Figs are such a beautiful food. The outside a mixture of green and burgundy, the flesh inside a pretty shade of rose.
They seem to only be available for such a very short time, so when I see them, I typically buy them. And then go back two days later and grab some more. And then go back two days after that. They don’t last long around here
Besides crostini, one of my favorite ways to eat them is on pizza with caramelized onions and prosciutto. There is a lot going on with sweet figs and onions, salty prosciutto, and tangy goat cheese. It’s a fun, delicious alternative to the pepperoni or margherita that we usually make.

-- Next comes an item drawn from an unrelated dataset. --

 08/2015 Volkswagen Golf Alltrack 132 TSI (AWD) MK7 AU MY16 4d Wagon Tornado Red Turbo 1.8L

Serve it in large pizza form or make smaller pizzas, pizzettes, to feed a small crowd.
Spring for the imported prosciutto. It’s pricey, my store sells it for $20/lb, but you’re not buying a pound. 4 paper thin slices will run you ~$3. It’s a wonderfully salty splurge that’s worth every penny.

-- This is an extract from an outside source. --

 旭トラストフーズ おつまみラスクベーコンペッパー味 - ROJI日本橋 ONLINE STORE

Fig & Prosciutto Pizzettes
Mini pizzas topped with caramelized onions, figs, and prosciutto.
- 2 large yellow onions, quartered and thinly sliced
- 4 Tbsp olive oil, divided
- 1 lb of your favorite pizza dough (I used a half batch of this recipe)
- Cornmeal for dusting
- Olive oil
- 4 slices of prosciutto, torn into pieces
- 8 figs, quartered
- 1-2 oz goat cheese, crumbled
- Heat 1 Tbsp olive oil over medium heat (I use a non-stick pan). Add the onions and stir to coat.
- Cook for 30-40 minutes, stirring occasionally, until dark brown.
- Add 1/4 cup water, stir well to deglaze the pan, and remove from heat.
- Preheat the oven to 450.
- Split the pizza dough into 8 pieces and roll out on a cornmeal-dusted surface.
- Divide the onions between each pizza round.
- Brush the edges of the dough with remaining olive oil and transfer to the oven to bake for 6 minutes (use a pizza stone or a lined baking sheet).
- Top with prosciutto, figs, and crumbled goat cheese.
- Bake for 3-4 minutes, until heated through.
- Serve warm or at room temperature.